The Birmingham Royal Ballet is back in London for a short visit


The Birmingham Royal Ballet is at Sadler’s Wells Theatre for a short season, with two very different programmes: the Fire & Fury mixed bill and Sir Frederick Ashton’s sunny, bucolic romp, La Fille mal Gardee.  

Fire & Fury begins with The King Dances by David Bintley, a work which journeys back to the birth of ballet. King Louis XIV of France is said to be the grandfather of classical dance: it was he who established lavish ballets at court and his portrayal as the sun god helped assert his authority over the French nobility.

The King Dances is a male-led piece, with the dancers moving slowly in courtly poses (this did drag at points). The only woman in the ballet is Selene, the moon goddess, danced with cool elegance at the performance I saw by Yijing Zhang.

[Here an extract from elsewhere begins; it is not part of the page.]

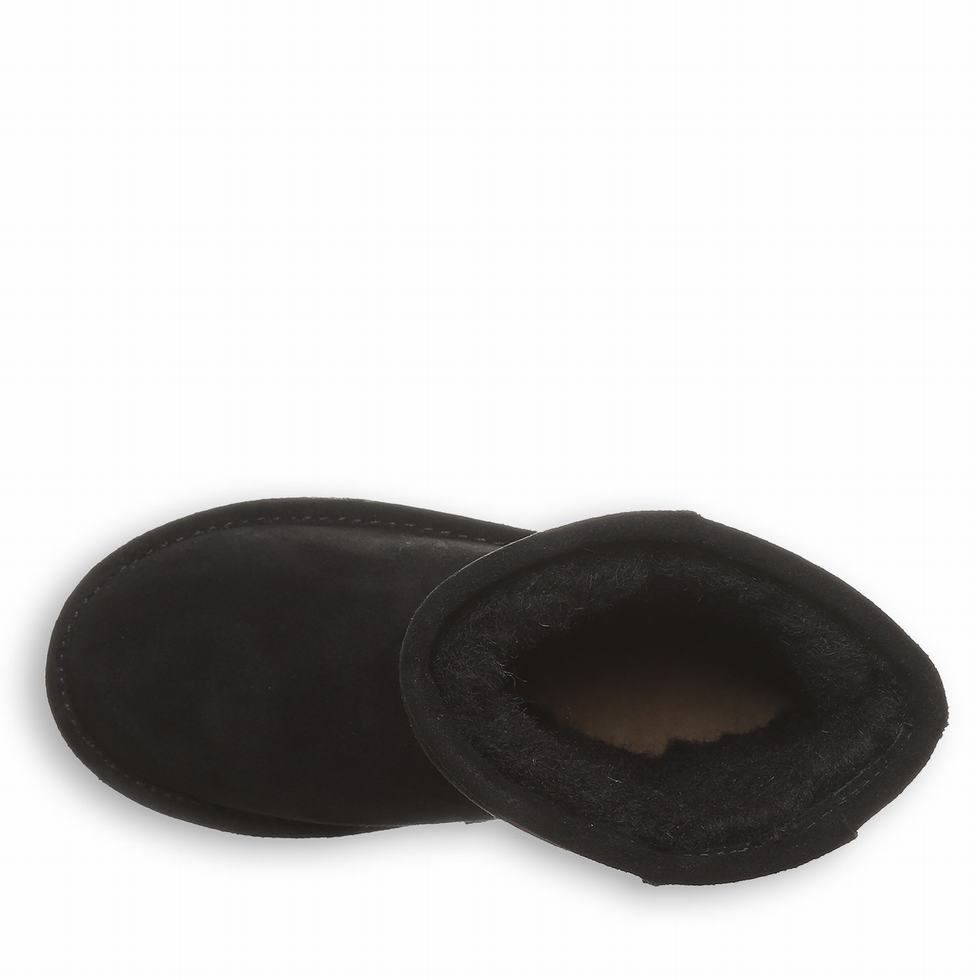 Bearpaw Elle Youth Laarzen Kinderen Zwart | YGG5169RF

It is an interesting work – more of a curiosity piece – with beautiful atmospheric lighting by Peter Mumford. It shows just how much male dancing has evolved over the centuries, from its origins in court dances, with their measured, careful steps and precise placement of arms. Praise to Max Maslen as the King, and Tyrone Singleton as his First Minister and mentor, Cardinal Mazarin, who assumes various guises throughout the piece in his power struggle with the young monarch.

William Turner’s painting, The Burning of the House of Lords and Commons provides the inspiration for Ignite, a new ballet by Juanjo Arqués, which makes up the second part of the Fire & Fury double bill.  

To a score by Kate Whitley, the large cast of dancers, dressed in an assortment of shades symbolising flames, water or sky move with passion and speed. Particularly powerful is the final scene, when the dancers face the audience, but move slowly backwards into darkness, as the sound of flames crackling fills the auditorium.

The Birmingham Royal Ballet is at Sadler’s Wells Theatre, Rosebery Avenue, London EC1 until 3 November.